Even though the high standard of clinical utility has not been met, these models still perform well, hinting that a more accurate prediction of phenotype from genotype might be possible. To achieve this goal, we will need to experimentally measure the phenotypic effects of genetic variation in a diversity of cellular and environmental contexts. The resulting large data sets of functional measurements will serve as both input variables and as more dense sets of output variables in the training of statistical models, allowing us to predict more accurately the effect of genetic variation on a wide range of both molecular and organismal phenotypes. The accuracy of genotype-based predictions will always be constrained by the heritability of the predicted trait—the amount of phenotypic variation that is attributable to genotypic variation. For this reason, functional data on genetic variation will be most informative for highly heritable traits, and these are the traits that we should focus on first.

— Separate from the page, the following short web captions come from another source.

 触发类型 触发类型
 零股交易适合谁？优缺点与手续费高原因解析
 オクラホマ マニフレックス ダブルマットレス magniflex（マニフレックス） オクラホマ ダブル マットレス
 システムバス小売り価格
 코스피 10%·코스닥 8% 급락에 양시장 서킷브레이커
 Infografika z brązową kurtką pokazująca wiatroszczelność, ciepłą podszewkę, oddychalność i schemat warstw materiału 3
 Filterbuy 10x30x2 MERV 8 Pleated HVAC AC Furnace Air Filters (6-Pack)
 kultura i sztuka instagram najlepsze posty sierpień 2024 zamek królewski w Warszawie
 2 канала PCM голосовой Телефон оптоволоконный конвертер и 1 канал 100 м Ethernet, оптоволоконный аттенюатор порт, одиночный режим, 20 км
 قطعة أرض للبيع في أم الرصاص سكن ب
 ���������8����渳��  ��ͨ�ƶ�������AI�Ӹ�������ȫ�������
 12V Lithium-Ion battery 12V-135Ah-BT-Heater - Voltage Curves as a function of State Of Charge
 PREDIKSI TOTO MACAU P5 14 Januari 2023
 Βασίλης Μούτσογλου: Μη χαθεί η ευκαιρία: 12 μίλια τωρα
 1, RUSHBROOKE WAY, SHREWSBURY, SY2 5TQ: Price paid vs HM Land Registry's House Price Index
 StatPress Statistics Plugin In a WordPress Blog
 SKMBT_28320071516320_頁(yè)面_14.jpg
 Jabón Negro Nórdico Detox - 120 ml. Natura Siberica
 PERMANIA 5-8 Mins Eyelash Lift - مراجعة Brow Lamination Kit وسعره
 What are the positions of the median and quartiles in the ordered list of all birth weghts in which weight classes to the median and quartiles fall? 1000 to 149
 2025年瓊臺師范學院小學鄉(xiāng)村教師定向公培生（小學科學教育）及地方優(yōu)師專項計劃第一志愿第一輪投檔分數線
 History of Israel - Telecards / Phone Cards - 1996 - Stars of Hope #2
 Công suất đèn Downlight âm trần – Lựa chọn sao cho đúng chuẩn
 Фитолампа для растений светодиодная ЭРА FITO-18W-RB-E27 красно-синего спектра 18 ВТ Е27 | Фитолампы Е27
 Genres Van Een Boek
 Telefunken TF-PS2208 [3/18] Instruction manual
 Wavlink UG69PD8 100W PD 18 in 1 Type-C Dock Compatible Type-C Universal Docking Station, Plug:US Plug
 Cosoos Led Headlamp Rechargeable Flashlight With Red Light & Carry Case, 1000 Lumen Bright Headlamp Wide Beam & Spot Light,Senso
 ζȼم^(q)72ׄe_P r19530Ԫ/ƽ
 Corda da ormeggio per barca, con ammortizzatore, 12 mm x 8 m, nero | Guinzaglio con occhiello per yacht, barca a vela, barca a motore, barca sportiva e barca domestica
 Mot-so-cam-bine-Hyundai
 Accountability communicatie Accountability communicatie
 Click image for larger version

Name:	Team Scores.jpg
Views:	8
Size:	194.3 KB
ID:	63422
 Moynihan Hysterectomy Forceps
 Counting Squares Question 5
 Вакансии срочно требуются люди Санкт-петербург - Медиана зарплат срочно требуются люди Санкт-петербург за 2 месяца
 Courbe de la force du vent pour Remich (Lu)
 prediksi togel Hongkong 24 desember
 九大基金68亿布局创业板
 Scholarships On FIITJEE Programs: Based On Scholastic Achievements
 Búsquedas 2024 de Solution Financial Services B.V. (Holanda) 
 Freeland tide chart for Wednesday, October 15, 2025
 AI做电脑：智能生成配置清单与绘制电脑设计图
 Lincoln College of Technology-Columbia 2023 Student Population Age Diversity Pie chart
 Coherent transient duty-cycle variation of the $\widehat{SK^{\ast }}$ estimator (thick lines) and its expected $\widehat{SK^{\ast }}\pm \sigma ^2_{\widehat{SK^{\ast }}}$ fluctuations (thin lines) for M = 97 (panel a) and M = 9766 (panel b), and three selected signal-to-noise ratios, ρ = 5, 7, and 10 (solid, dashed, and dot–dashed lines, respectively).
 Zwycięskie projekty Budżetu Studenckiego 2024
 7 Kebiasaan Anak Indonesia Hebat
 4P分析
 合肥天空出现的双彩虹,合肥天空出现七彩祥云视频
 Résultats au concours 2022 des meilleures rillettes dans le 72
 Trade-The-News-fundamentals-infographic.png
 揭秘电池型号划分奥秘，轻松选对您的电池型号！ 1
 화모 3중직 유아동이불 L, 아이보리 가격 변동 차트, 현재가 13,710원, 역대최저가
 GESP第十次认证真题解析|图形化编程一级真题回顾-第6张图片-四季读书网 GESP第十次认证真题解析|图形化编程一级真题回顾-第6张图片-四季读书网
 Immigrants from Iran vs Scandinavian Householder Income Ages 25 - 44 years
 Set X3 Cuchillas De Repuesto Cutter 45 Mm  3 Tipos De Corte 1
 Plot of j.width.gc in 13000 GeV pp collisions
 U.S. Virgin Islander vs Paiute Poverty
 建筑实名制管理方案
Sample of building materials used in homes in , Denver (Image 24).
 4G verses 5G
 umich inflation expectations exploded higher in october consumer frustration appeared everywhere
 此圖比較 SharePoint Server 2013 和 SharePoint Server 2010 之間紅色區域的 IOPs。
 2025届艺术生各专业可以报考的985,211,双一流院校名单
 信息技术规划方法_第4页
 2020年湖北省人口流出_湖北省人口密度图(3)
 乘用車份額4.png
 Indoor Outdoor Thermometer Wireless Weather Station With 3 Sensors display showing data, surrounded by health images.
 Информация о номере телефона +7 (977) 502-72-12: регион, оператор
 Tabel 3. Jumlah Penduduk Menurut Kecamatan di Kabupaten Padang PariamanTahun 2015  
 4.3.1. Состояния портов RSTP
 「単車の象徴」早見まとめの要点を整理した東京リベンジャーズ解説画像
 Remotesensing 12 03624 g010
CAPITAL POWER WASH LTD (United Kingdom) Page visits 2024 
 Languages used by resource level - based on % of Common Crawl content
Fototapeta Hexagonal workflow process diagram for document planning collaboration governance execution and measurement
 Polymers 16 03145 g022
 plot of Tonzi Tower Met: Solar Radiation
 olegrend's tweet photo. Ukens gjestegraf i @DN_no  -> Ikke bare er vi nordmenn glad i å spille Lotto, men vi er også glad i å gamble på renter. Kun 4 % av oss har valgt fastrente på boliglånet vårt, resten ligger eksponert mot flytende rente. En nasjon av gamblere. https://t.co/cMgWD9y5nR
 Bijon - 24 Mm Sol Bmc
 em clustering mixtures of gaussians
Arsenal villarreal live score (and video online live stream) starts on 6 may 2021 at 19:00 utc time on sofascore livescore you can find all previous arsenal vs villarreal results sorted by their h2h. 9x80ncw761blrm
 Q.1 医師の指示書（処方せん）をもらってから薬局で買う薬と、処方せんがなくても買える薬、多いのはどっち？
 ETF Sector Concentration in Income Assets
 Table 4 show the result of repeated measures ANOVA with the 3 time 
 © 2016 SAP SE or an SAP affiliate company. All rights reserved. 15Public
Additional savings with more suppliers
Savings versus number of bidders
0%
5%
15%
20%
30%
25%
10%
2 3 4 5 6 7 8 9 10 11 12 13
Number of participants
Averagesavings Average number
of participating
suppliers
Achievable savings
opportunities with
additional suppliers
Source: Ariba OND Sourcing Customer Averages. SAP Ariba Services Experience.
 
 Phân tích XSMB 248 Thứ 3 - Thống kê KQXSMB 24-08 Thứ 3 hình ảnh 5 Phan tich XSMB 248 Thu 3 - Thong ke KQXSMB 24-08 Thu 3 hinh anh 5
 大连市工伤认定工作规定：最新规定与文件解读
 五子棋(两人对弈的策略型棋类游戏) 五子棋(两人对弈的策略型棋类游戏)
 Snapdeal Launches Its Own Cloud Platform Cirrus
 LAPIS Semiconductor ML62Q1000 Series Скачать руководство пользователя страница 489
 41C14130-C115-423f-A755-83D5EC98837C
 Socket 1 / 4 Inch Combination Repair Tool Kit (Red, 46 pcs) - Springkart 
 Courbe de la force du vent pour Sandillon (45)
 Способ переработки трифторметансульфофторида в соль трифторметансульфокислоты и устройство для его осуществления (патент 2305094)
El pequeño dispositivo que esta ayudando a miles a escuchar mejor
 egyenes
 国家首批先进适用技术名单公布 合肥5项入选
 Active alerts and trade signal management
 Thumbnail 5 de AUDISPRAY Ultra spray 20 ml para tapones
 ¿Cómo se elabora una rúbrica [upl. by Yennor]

CONSTRUCTING A GENOTYPE–PHENOTYPE MAP BY DEEP MUTATIONAL SCANNING

Genotype–phenotype maps were classically derived from forward genetic screens, in which random mutations introduced into a genome yielded interesting phenotypes. The mutations were localized within the genome, and then the corresponding genes were identified, a process that could take months to years. Reverse genetics, in which defined genes are first mutated and the effects of the mutations are then tested, sped up the process of mapping genotype to phenotype. However, we now know that that there are hundreds to thousands of variants in each gene in humans alive today, with more than 97 million single-nucleotide variants catalogued to date (dbSNP build 144, www.ncbi.nlm.nih.gov/news/06-09-2015-dbsnp-build-144). There is no indication yet of a plateau in the discovery of new variants. Most human variation arose recently and is rare, with 99% of variants present in <1% of individuals (Exome Aggregation Consortium, 2015; Fu et al., 2013). Each person has, on average, around 40–90 de novo mutations (Kong et al., 2012; Besenbacher et al., 2015); thus every possible point mutation in the genome—or at least those compatible with life—may have occurred among the seven billion humans on the planet.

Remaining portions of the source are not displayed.